Brief descriptive captions
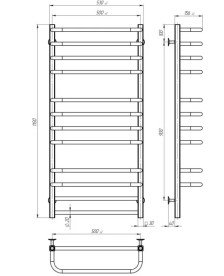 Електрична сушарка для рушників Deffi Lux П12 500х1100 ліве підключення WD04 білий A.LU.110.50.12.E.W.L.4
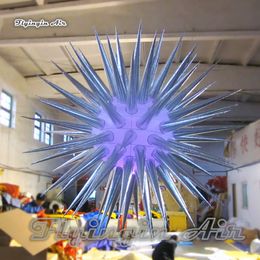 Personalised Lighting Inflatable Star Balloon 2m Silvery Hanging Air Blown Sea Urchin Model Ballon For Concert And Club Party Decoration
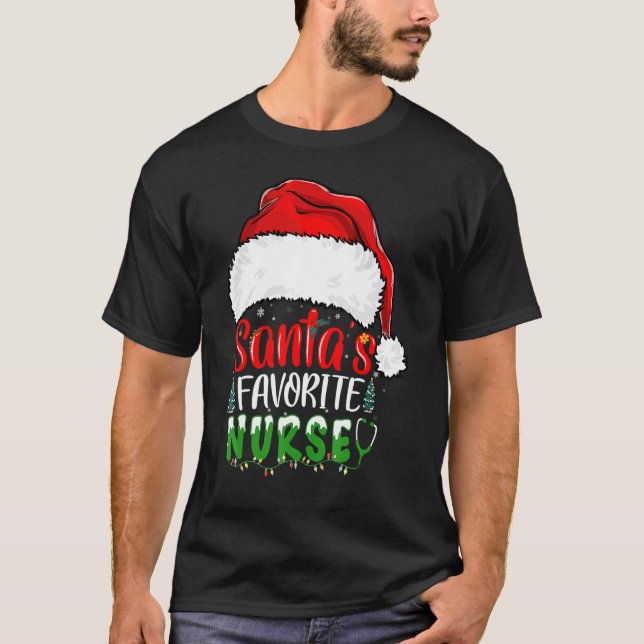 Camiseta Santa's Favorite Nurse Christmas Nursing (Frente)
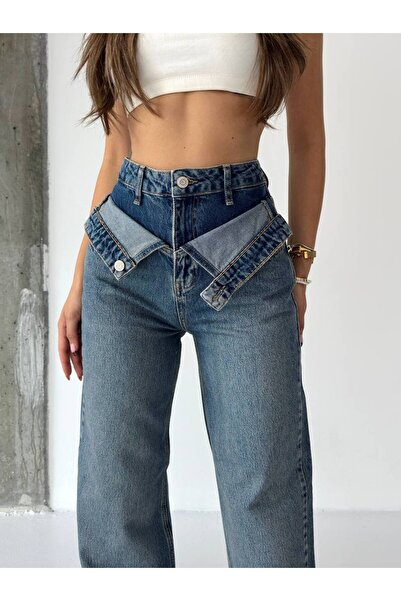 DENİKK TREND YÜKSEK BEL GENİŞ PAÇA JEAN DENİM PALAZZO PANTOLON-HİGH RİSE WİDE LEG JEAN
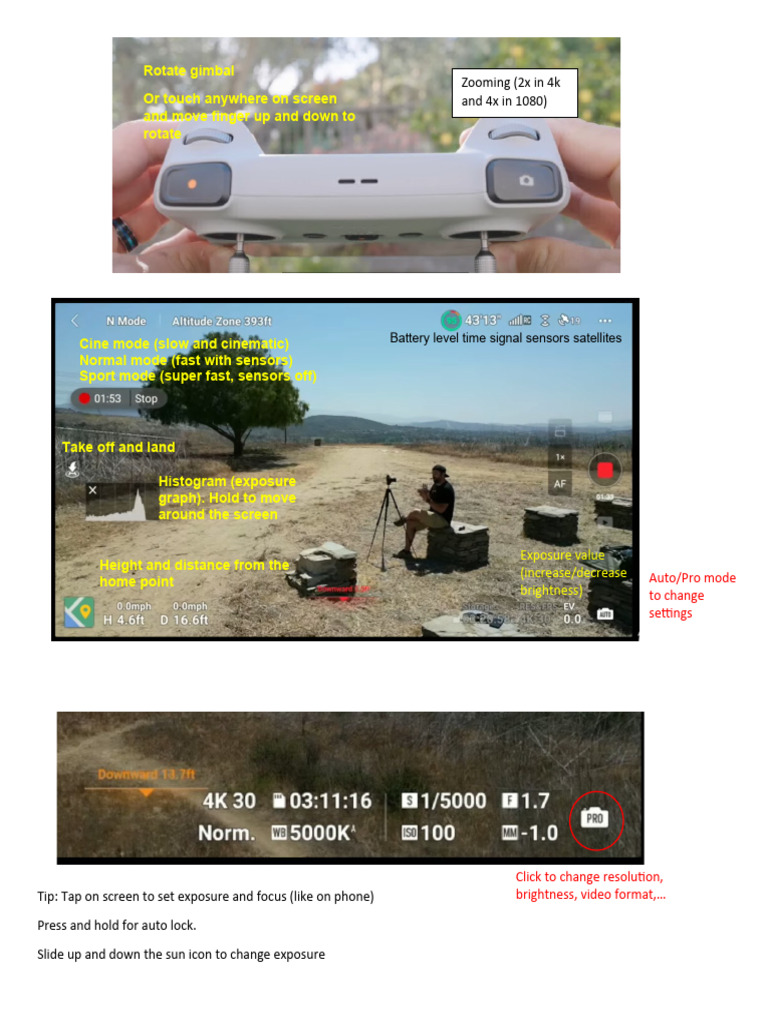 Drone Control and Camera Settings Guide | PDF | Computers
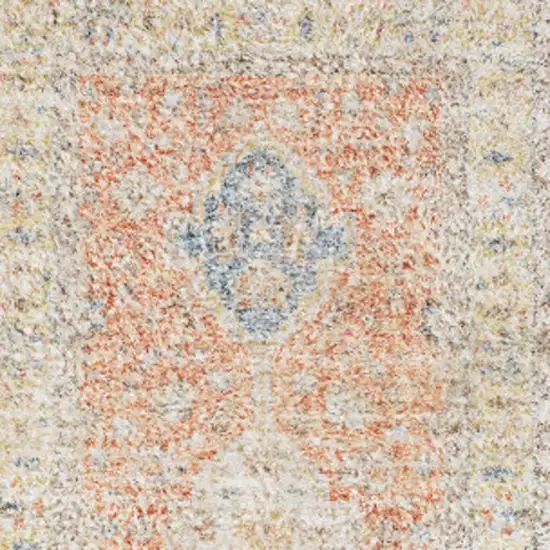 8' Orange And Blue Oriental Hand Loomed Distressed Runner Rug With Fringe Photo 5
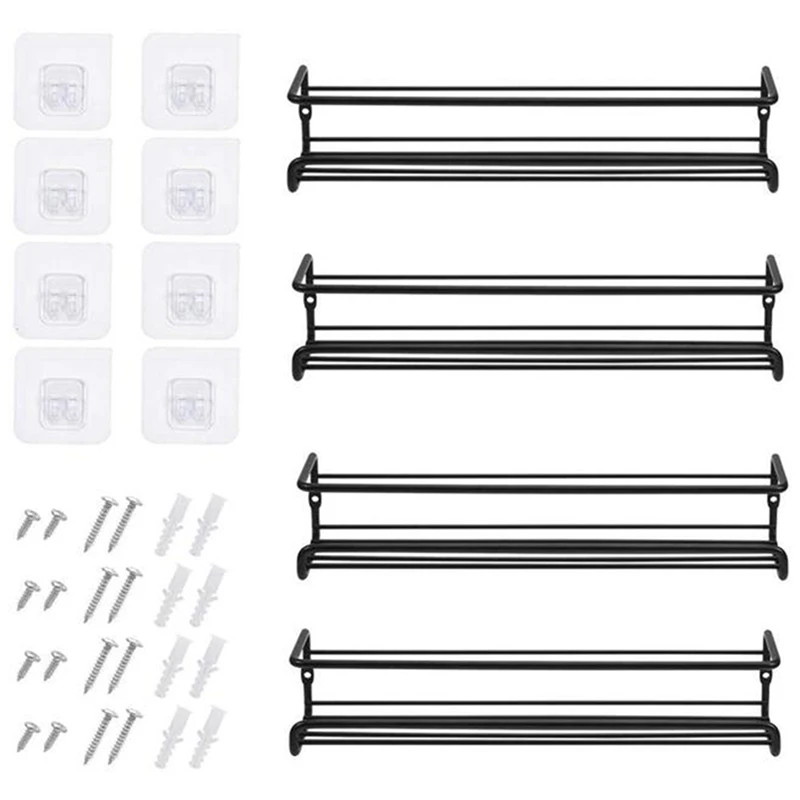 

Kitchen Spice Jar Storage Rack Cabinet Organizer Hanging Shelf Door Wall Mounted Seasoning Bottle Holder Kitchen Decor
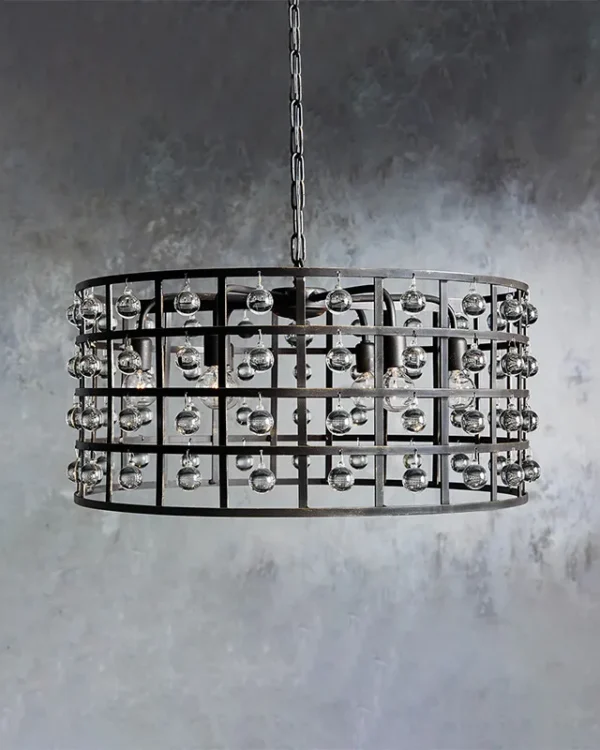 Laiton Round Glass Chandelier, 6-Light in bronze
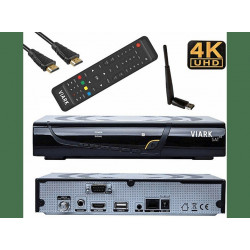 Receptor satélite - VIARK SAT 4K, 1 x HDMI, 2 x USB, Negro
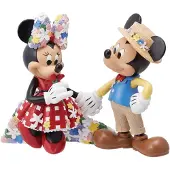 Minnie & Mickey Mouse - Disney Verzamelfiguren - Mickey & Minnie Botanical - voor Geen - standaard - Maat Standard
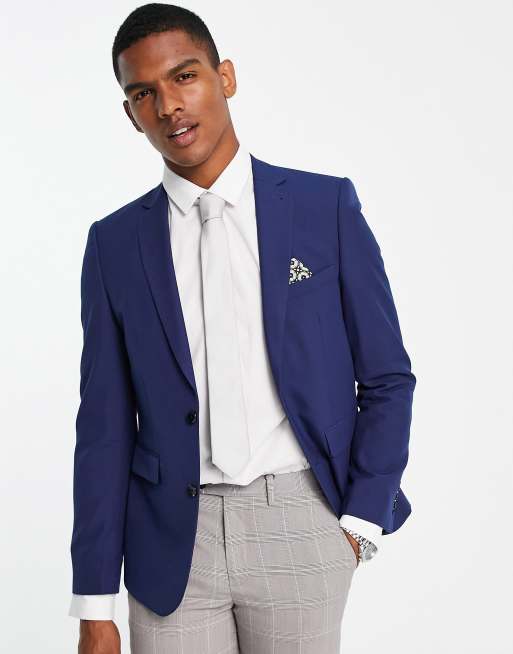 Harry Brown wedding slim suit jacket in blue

**Work required:** Each line from the one containing "Camiseta Santa's Favorite" through the end of the records above is to be retyped exactly, with the pictures omitted and nothing added.

**Your solution:**
 Camiseta Santa's Favorite Nurse Christmas Nursing (Frente)
 DENİKK TREND YÜKSEK BEL GENİŞ PAÇA JEAN DENİM PALAZZO PANTOLON-HİGH RİSE WİDE LEG JEAN
 Drone Control and Camera Settings Guide | PDF | Computers
 8' Orange And Blue Oriental Hand Loomed Distressed Runner Rug With Fringe Photo 5

Kitchen Spice Jar Storage Rack Cabinet Organizer Hanging Shelf Door Wall Mounted Seasoning Bottle Holder Kitchen Decor
 Laiton Round Glass Chandelier, 6-Light in bronze
 Receptor satélite - VIARK SAT 4K, 1 x HDMI, 2 x USB, Negro
 Minnie & Mickey Mouse - Disney Verzamelfiguren - Mickey & Minnie Botanical - voor Geen - standaard - Maat Standard
 Harry Brown wedding slim suit jacket in blue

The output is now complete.